**What to do:**
Among the records below, find each line bearing the word "Beach" and copy it.

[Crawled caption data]
* * *

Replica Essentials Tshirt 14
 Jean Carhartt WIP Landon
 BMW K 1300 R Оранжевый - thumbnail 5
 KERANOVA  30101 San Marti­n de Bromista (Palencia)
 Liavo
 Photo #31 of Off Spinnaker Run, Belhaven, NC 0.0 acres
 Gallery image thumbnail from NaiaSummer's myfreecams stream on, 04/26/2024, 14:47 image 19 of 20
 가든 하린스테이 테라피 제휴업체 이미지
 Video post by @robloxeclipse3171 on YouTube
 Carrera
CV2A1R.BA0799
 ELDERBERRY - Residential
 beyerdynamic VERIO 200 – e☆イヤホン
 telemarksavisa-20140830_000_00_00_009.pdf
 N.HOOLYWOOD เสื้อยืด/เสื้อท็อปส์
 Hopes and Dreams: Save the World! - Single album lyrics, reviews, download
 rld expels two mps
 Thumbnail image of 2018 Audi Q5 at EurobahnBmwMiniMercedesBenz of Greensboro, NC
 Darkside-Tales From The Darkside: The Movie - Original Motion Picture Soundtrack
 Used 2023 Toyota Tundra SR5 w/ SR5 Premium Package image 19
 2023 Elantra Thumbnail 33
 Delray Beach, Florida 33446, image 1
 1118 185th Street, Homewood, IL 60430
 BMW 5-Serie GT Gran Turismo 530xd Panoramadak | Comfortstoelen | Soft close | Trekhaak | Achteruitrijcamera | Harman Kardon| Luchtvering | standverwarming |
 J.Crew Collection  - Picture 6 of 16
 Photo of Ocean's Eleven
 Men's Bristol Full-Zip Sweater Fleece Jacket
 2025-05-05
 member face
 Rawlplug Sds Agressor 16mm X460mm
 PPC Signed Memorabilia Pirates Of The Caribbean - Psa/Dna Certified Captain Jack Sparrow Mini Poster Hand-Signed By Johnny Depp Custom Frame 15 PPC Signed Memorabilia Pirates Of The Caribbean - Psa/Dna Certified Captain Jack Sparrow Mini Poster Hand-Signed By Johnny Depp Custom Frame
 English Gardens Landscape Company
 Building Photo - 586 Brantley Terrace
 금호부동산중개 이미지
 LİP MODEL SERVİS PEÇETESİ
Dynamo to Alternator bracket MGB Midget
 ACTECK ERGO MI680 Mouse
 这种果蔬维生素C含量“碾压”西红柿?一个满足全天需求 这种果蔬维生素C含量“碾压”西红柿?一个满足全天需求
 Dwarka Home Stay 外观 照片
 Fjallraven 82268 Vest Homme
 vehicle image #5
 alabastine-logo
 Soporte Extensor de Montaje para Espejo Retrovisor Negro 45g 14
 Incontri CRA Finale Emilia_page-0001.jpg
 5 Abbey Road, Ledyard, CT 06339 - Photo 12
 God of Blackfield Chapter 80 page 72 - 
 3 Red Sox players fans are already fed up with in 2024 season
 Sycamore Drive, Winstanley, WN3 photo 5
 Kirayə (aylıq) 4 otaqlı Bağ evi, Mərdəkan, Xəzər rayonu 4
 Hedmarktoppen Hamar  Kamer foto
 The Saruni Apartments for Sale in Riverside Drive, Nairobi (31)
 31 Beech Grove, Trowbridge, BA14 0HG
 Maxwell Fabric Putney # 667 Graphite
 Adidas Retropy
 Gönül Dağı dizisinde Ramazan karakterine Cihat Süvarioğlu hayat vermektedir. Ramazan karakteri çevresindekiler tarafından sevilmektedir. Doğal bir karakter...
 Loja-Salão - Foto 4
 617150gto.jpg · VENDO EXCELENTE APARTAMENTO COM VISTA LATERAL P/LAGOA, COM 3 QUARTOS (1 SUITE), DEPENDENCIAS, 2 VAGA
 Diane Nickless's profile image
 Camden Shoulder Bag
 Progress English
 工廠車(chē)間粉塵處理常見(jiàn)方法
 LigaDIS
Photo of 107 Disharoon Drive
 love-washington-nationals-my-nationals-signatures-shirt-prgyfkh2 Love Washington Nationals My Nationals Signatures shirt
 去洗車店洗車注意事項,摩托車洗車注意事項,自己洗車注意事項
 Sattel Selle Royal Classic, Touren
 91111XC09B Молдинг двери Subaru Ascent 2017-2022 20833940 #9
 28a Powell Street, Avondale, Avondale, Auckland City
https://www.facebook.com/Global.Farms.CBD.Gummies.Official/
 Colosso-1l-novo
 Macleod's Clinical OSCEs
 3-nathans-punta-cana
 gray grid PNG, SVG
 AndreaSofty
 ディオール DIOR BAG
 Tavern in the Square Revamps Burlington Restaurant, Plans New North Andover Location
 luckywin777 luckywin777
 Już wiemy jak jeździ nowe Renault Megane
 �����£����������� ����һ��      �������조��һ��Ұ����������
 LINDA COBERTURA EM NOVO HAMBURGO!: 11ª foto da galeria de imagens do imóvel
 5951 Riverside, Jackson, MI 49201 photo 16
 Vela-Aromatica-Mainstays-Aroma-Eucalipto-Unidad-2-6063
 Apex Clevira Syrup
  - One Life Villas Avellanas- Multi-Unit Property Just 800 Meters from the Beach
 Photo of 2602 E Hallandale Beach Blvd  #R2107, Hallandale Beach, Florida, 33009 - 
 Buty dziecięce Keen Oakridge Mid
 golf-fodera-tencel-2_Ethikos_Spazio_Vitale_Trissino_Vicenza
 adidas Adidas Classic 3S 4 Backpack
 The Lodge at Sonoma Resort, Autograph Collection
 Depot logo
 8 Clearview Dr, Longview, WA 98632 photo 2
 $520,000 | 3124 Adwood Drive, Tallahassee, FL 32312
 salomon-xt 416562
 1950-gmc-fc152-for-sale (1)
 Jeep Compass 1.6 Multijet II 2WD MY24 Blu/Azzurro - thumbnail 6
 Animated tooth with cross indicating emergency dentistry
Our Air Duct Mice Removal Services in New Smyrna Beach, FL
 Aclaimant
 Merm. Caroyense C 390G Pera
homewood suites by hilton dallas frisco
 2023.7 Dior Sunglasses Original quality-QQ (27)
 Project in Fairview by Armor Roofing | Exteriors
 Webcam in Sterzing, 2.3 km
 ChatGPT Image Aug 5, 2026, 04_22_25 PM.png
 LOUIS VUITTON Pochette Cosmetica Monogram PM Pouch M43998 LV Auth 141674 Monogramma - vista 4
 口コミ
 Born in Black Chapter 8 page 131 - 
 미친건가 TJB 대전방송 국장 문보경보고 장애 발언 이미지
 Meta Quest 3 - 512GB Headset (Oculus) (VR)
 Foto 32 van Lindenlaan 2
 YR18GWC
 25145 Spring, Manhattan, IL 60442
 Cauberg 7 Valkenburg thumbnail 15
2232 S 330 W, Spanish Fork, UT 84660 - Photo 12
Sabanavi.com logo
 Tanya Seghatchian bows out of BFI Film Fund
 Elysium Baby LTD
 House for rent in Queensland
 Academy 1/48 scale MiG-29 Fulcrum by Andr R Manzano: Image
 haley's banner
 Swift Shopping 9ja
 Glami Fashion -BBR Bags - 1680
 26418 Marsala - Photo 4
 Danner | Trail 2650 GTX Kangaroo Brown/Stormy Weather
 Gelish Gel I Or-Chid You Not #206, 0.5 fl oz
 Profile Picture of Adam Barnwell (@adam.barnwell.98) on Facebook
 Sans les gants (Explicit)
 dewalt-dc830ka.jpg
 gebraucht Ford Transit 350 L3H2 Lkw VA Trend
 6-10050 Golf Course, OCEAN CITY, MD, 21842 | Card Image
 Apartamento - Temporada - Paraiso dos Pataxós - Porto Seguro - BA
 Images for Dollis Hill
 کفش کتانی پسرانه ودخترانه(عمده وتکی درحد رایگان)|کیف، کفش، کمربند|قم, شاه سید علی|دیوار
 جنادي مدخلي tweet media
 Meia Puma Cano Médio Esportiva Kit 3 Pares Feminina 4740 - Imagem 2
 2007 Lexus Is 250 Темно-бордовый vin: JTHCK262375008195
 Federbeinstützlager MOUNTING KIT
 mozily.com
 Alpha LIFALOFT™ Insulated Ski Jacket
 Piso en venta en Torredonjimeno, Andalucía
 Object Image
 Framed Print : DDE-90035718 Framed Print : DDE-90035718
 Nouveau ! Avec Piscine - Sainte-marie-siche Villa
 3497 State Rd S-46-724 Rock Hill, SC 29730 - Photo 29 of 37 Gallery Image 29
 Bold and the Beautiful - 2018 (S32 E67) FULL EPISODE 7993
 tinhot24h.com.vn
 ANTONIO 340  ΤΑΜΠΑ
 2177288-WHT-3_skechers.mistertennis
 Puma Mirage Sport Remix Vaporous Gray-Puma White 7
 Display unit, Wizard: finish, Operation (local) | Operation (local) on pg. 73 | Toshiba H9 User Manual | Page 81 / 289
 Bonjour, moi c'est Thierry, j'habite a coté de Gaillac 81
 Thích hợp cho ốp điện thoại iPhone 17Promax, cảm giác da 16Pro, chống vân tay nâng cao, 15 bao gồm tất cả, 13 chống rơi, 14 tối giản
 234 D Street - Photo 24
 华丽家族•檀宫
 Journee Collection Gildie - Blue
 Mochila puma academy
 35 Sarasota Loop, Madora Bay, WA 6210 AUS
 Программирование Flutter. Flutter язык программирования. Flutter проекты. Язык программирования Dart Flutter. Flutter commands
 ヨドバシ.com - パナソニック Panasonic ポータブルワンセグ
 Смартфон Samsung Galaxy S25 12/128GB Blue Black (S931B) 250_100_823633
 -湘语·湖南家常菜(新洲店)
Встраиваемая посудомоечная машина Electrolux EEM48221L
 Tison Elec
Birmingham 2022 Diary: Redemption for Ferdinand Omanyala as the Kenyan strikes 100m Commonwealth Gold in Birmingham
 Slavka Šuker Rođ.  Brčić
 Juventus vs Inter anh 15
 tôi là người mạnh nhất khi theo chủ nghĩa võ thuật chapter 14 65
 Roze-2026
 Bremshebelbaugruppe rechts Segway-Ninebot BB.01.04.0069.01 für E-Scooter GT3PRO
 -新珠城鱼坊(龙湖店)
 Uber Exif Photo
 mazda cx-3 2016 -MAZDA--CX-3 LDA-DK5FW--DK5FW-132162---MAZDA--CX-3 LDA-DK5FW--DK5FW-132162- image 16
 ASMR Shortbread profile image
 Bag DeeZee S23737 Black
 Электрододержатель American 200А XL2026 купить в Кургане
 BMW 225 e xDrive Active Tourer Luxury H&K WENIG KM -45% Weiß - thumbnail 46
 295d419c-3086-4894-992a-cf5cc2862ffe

* * *

**Answer for this exercise:**
 Delray Beach, Florida 33446, image 1
  - One Life Villas Avellanas- Multi-Unit Property Just 800 Meters from the Beach
 Photo of 2602 E Hallandale Beach Blvd  #R2107, Hallandale Beach, Florida, 33009 - 
Our Air Duct Mice Removal Services in New Smyrna Beach, FL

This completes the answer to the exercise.